Mike Williams wrote:
 > Now you've lost me.

May I always be so fortunate, that the most obscure parts of my writing 
are in the footnotes.  ;)

Consider the Mercator projection: the surface of a sphere is mapped to 
that of an endless cylinder.  I've heard that someone once made a globe 
on which the reverse Mercator projection was applied twice, i.e. two 
copies of a six-inch cylinder (say) were used to form a twelve-inch 
cylinder, and the projection applied in reverse to a globe, with the 
result that an orthographic eye in the plane of the equator would see a 
map of the entire world.  The oddity was said to be hard to spot - 
partly because the mapping is conformal (shapes are locally preserved) 
and partly because the doubling is seamless (except for a singularity at 
the poles).

Well, given a `globe' pigment, this multiplication effect is 
accomplished with the following functions (if my algebra is good):

	Xnew = Re[(x+i*y)^n] / ((1+z)^n + (1-z)^n)
	Ynew = Im[(x+i*y)^n] / ((1+z)^n + (1-z)^n)
	Znew = ((1+z)^n - (1-z)^n) / ((1+z)^n + (1-z)^n)

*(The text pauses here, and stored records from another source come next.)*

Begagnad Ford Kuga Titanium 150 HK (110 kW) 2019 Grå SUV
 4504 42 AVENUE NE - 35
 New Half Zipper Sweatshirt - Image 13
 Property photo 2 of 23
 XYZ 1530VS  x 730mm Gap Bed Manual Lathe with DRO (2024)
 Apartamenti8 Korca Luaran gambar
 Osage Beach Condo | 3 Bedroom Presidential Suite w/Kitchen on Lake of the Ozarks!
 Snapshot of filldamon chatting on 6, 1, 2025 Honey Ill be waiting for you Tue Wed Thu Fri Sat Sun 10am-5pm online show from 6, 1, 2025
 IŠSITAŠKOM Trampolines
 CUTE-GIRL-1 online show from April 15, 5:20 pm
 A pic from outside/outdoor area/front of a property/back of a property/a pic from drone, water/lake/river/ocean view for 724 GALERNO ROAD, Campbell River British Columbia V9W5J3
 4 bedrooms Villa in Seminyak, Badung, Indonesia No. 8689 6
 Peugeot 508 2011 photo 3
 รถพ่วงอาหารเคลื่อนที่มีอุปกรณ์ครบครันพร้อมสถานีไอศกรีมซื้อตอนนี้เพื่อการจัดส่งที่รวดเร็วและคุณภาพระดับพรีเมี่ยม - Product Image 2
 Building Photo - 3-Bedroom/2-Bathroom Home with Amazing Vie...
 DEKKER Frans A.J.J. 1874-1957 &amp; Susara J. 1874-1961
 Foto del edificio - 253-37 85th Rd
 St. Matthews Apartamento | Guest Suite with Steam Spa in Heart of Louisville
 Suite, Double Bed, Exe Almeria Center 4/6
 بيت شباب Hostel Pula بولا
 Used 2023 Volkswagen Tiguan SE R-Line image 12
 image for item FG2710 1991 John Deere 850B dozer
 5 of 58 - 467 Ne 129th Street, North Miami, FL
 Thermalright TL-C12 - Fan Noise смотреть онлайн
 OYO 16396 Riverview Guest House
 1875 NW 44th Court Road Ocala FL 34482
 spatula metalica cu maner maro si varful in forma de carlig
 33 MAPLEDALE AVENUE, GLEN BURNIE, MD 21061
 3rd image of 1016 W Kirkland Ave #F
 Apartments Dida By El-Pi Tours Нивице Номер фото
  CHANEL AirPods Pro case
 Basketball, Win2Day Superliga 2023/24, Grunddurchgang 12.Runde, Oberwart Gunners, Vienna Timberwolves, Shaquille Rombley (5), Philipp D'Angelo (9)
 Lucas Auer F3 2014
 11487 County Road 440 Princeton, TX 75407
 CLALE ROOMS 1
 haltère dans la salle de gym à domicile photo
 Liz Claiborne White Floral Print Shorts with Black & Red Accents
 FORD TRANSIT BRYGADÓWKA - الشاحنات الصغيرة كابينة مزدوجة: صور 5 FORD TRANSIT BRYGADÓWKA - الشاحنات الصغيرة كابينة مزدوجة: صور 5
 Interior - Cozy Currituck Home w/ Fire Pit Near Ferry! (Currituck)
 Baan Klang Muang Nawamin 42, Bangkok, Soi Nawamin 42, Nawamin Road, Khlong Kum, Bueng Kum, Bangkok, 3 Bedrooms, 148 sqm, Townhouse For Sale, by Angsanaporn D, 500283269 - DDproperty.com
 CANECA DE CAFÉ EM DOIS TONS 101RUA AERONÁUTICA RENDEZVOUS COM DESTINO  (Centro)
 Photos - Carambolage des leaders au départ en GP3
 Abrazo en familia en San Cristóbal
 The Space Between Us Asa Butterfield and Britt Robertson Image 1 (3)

(n=2 for the above example.)  The pigment of the resulting globe has the 
symmetry group C[n].  Other symmetry groups can arise from other sorts 
of functions.  Simple examples, not conformal:

	Xnew = Re[(x+i*y)^n]
	Ynew = Im[(x+i*y)^n]
	Znew = z^2

This gives C[n]h, i.e. the same nfold symmetry as above plus a 
reflection plane perpendicular to the axis.

	Xnew = Re[(x+i*y)^n]
	Y1  =  Im[(x+i*y)^n]
	Ynew = Y1^2 - z^2
	Znew = z*Y1

This gives D[n], the rotation group of an n-gonal prism.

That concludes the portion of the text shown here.